The RAG LLM module is the core intelligence layer of the TruPharma system. It sits between the user-facing Streamlit UI and the external data source (openFDA Drug Label API), orchestrating the full pipeline from question to grounded answer:

User ──► Streamlit UI ──► RAG Engine ──► openFDA API
                              │
                              ├──► Chunking & Indexing (FAISS + BM25)
                              ├──► Hybrid Retrieval (dense + sparse fusion)
                              ├──► Answer Generation (Gemini LLM / extractive fallback)
                              └──► Logging (product_metrics.csv)

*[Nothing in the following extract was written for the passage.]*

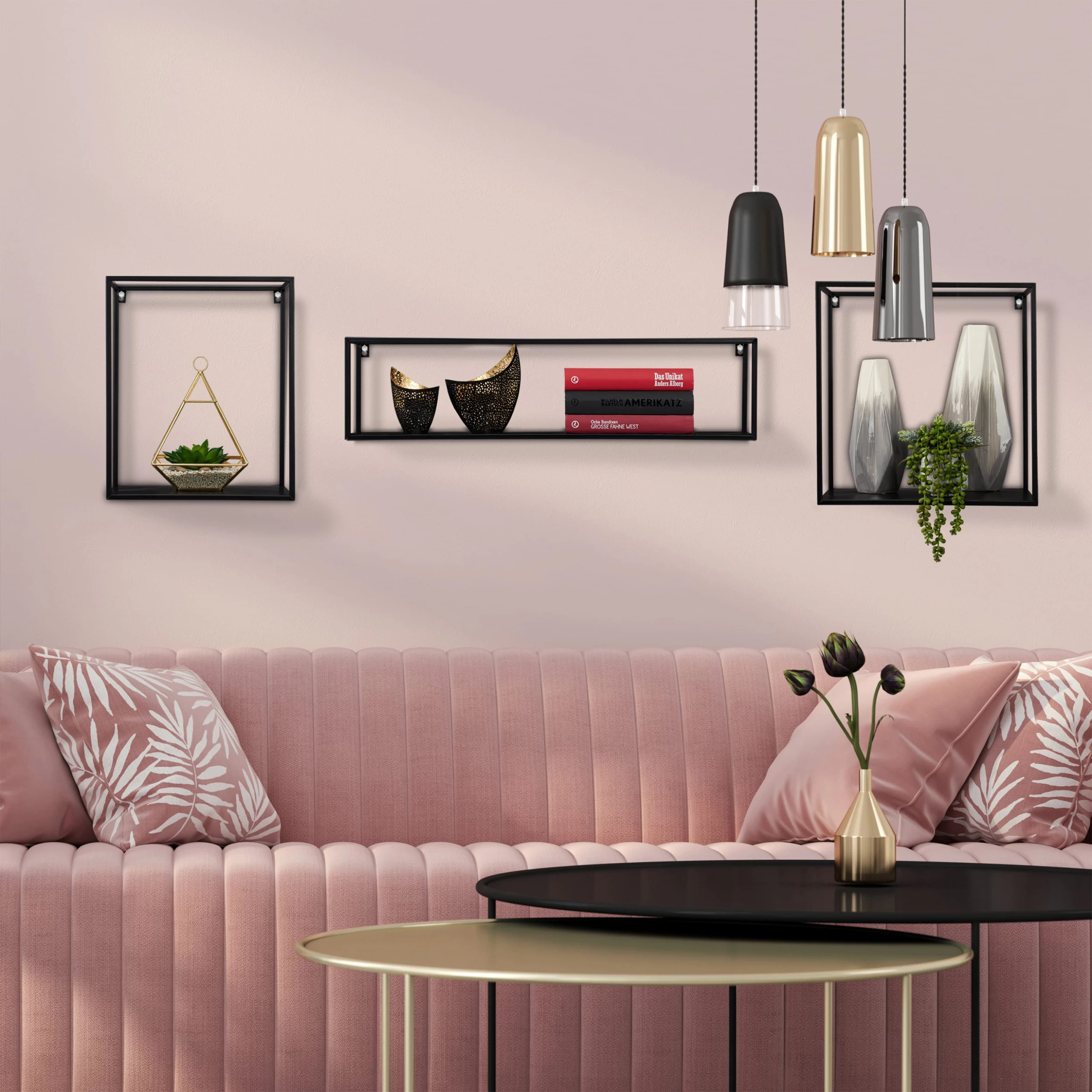 3x Wandregal In Schwarz - Verschiedene Größen – Bild 5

The module receives natural-language drug questions, converts them into API search queries, fetches real-time FDA drug label records, chunks and indexes the text across 10 selected label fields, retrieves the most relevant evidence using hybrid search (reciprocal rank fusion of FAISS inner-product and BM25 scores), and generates a citation-enforced answer. If a Gemini API key is provided, the system uses Google Gemini 2.0 Flash for LLM-grounded generation; otherwise, it falls back to an extractive method that selects and concatenates the highest-scoring evidence passages.

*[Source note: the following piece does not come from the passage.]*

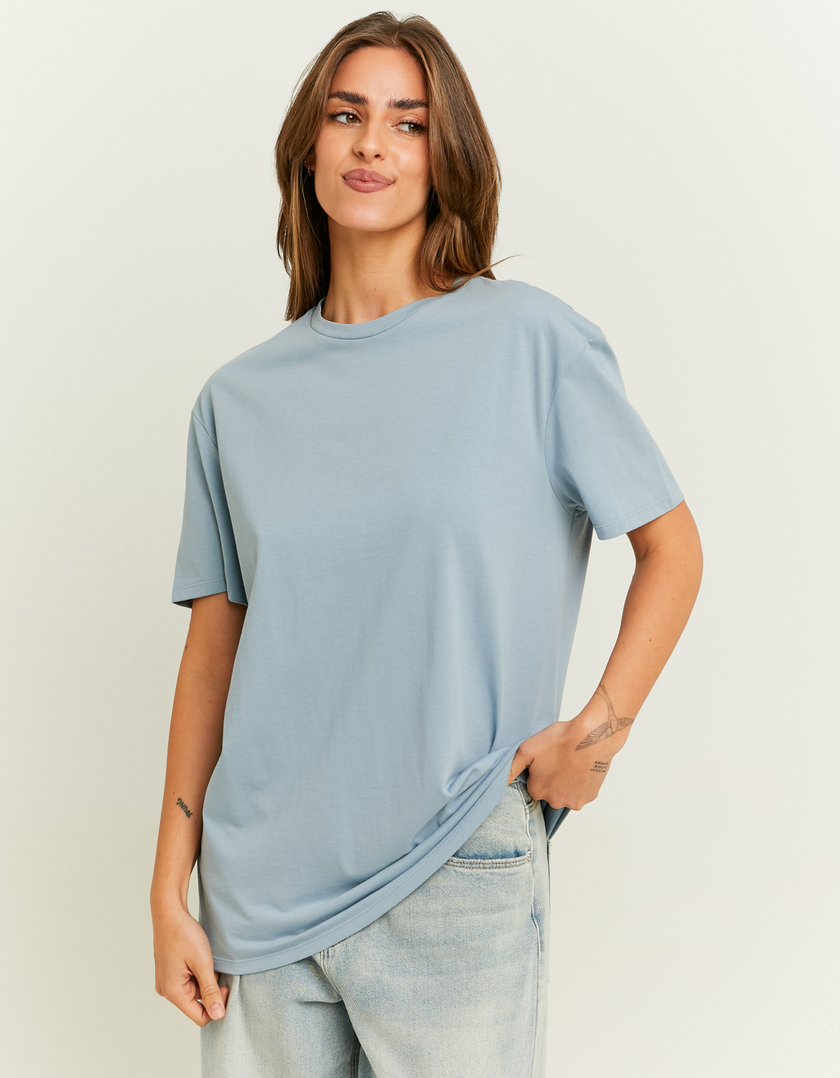 TALLY WEiJL, T-Shirt Bleu Basique Oversize for Women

2. Supported User Workflow

Step	User Action	System Response
1	Opens the app at trupharm.streamlit.app	Displays the query interface with example questions
2	Types a drug-related question (e.g., "What are the drug interactions for ibuprofen?")	Converts question to openFDA search, fetches records
3	Clicks Search	Runs hybrid retrieval, generates grounded answer
4	Reviews the Response Panel	Sees the answer with inline citation IDs (e.g., `[doc_id::field]`)
5	Expands the Evidence Panel	Views the source text chunks, field names, and confidence scores
6	Checks the Metrics Panel	Sees latency, number of records fetched, retrieval method, and confidence
7	Views the Log History tab	Reviews past interactions logged to CSV

The Stress Test page (accessible via sidebar navigation) runs three pre-defined scenarios automatically — a drug interaction query, a dosage/warnings query, and an out-of-scope refusal test — to validate pipeline correctness and measure latency.

3. Application Interface

The Streamlit application has two pages:

Primary Demo (streamlit_app.py): Main query interface with a two-column layout — left column for query input and response, right column for evidence artifacts and pipeline metrics.
Stress Test (pages/stress_test.py): Automated scenario validation that runs three test queries in sequence, displaying pass/fail results, latency measurements, and evidence summaries.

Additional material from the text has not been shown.